すぐさまマリアンナがヴィクトルに駆け寄ると、潤んだ上目遣いのまま彼の腕を取った。
「ヴィー様…! 助けてください…!」
「何の騒ぎだと聞いている。ルディローザ嬢、説明を」
マリアンナからすっと腕を躱すと、温度の感じられない表情のまま、ルディローザを見据えた。ルディローザも同じ様な表情で彼を見つめ返す。

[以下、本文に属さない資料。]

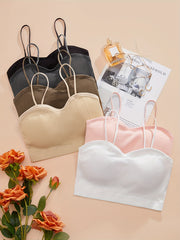 6pcs Solid Wireless Bras Comfy & Breathable Stretch Bra Women's Lingerie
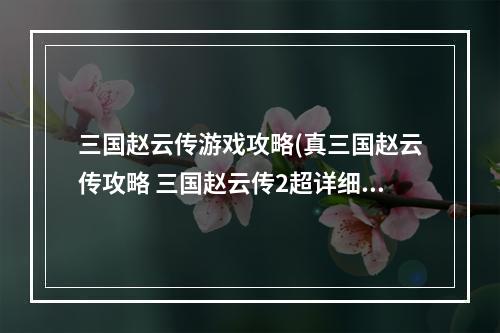 三国赵云传游戏攻略(真三国赵云传攻略 三国赵云传2超详细攻略)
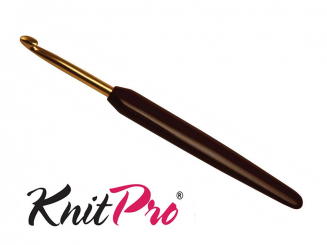 Häkelnadel Gold, mit schwarzem Softgriff 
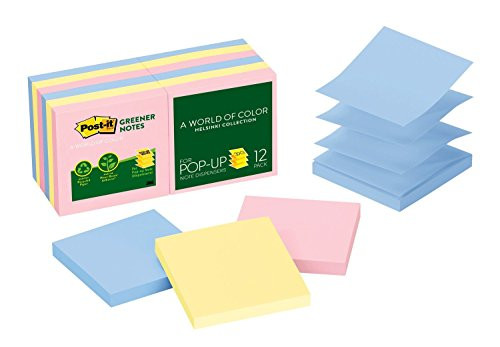 Post-it Greener Pop-up Notes, 3 in x 3 in, Helsinki Collection, 100 Sheets/Pad, 12 Pads/Pack (R330RP-12AP)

金髪碧眼、絵本の王子様以上の美男子だ。すらりと長い手足には程よく鍛えられており、どんな仕草も絵になると言っては過言ではないくらいに、所作全てが美しい。王族としてのオーラが増すにつれ、その美貌にも拍車がかかった過程をルディローザは知っている。それに伴う努力だって知っている。

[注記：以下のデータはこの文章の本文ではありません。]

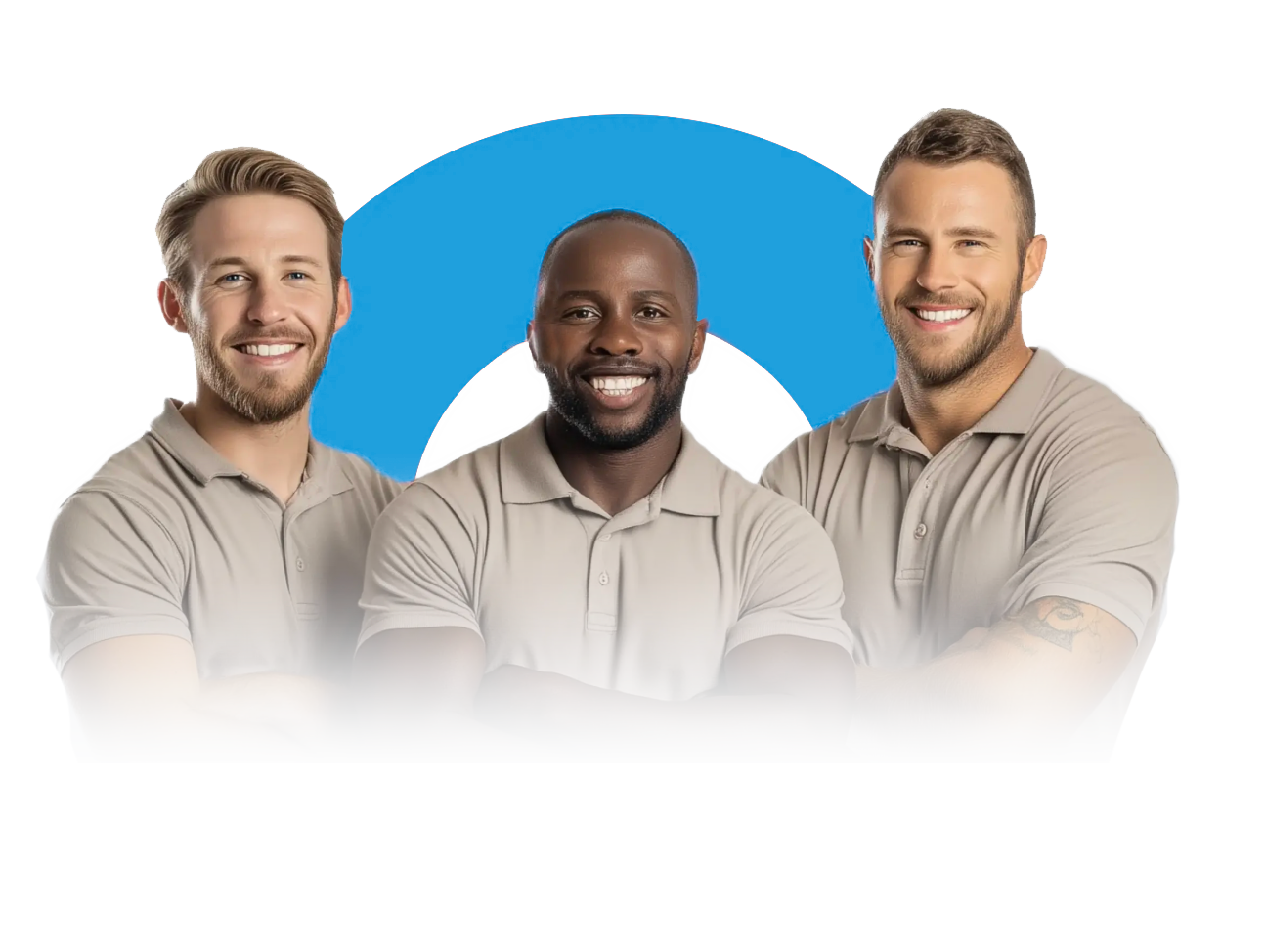 PolyTalent HR Consultancy LLC Dubai – three male professionals in uniform, representing skilled trade recruitment and workforce solutions.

並んだ2人を見て、お似合いだとは思う。麗しいヴィクトルと可愛いマリアンナ。
だからと言って、ルディローザは決して劣等感は持っていなかった。彼女にないものが自分にはあると自負している。両親や侍女たちが惜しげもなく自分を磨いてくれ、また自分も自分を磨いてきたと自信を持って言える。

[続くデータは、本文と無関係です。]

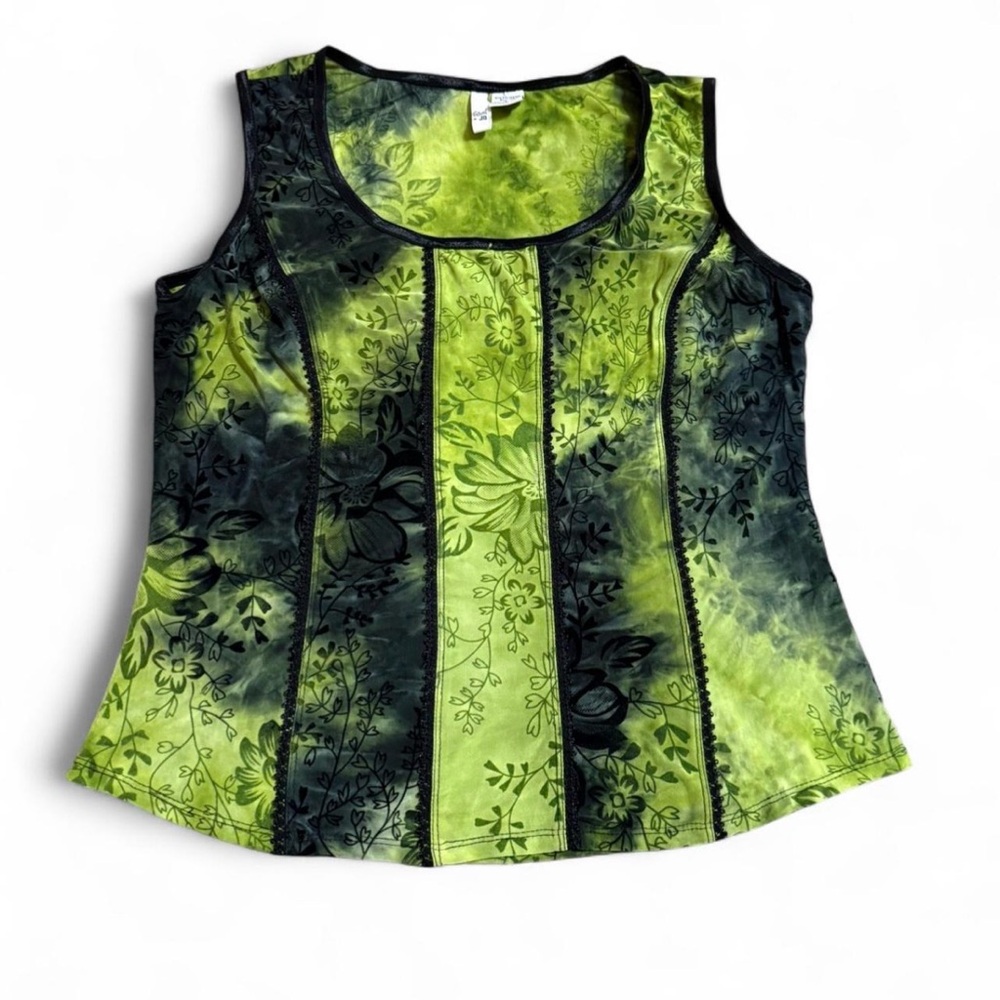 Sami & Jo Green Floral Tank Top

彼女の持つ天真爛漫さは自分にはないが、叩き込まれた礼儀作法なら負けない。それぞれに良さがあると思う。
「ヴィクトル殿下にわたくしが婚約破棄されると、この方たちが教えに来てくださいました」
「それは本当か? トーマス・アイルド」
「その通りです。その前に、これまでマリアに行ってきた極悪非道ないじめの数々を謝っていただこうと…」
睨むトーマスに目もくれず、ルディローザはただ澄ました顔をして微笑んだままだ。
万が一ヴィクトルがマリアンナを信じるというのならそれでもいい。そんな男なんてこちらから願い下げだ。身の潔白はきちんと晴らし、自由になった暁には…
不意に緩みそうになった頬に力を入れる。危ない危ない。
「ほう。ルディローザ嬢、心当たりは?」
「全くございません」
「酷い…! 私はただ謝って欲しかっただけなのに…!」
両手で顔を覆って泣き出すマリアンナだが、ヴィクトルが何も言わないからか、指の隙間から彼を覗き見るのが分かった。それでも彼はルディローザを見つめたままだ。
「ヴィー様もお辛かったですよね…! 優しいヴィー様が婚約破棄まで思い悩まれて…!」
はらはらと涙を流すマリアンナの言う通りだったとしても、ルディローザはヴィクトルから直接婚約破棄をするというまで信じるつもりはなかった。
もしそうなったら。いつかの例え話を実行するだけだ。
ちくりと痛んだ胸には気付かないふりをして、ヴィクトルを真っ直ぐ見る。
こんなことはもう慣れっこだ。
自分に恥ずべきところは何もないし、いつか代わりが現れても堂々と胸を張っていられるだけのことはしてきた。
「わたくしよりもロゼッタ子爵令嬢の方がヴィクトル殿下には相応しいそうですので、アレをお試し頂いてみてはいかがですか?」
でも、ただで代われると思うなよ。